The story of He’bro is inextricably linked to the story of its founder, Jayson Littman. Raised in Washington Heights, Littman hails from a large Jewish “black hat Orthodox” family. Although he had strong relationships with his parents, four siblings, and his community, he slowly became aware that he was different from those around him.
Littman realized that he was gay when he went off to spend a year in Israel after high school. While there, he consulted a rabbi, who advised him to focus on his studies. Upon returning to New York, he found that his feelings for men remained, and decided to join a program called JONAH (short for Jews Offering New Alternatives for Healing, formerly Jews Offering New Alternatives for Homosexuality).

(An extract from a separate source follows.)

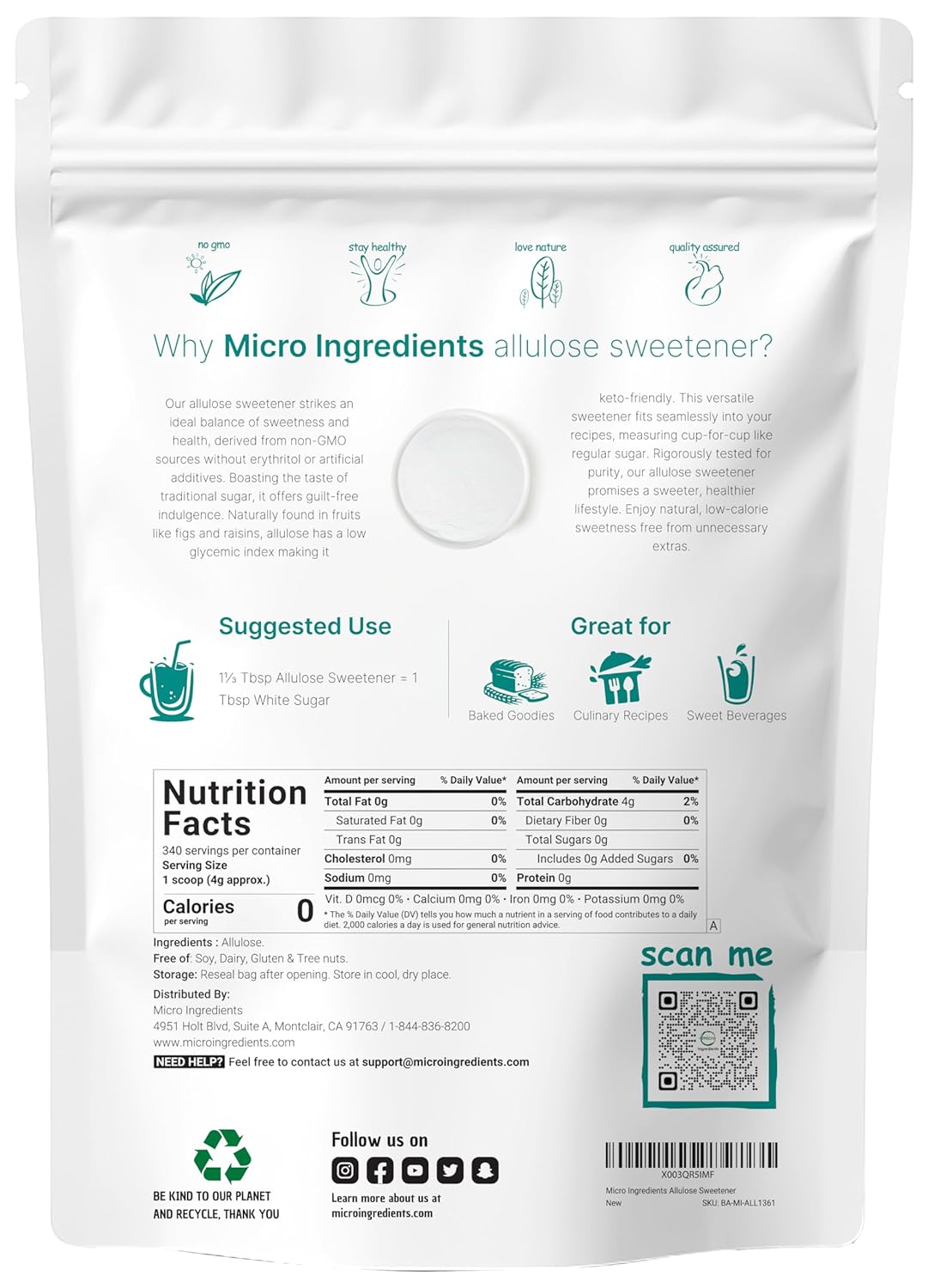 MicroIngredients Allulose Sweetener 1.36kg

A Jewish answer to “pray the gay away,” JONAH touts a form of reparative therapy for gay and lesbian Jews struggling with their sexuality, through what their website calls, “psychological and spiritual counseling.” “I stayed there for five years,” said Littman. “At that time, I really wanted to get married and have children. I was still shidduch dating [dating for the sake of engagement, usually arranged by a matchmaker]. But when I was in it, I realized that it was not working, that it offered a lot of false hope.” At the age of twenty-six, he decided to leave the movement and work on coming out.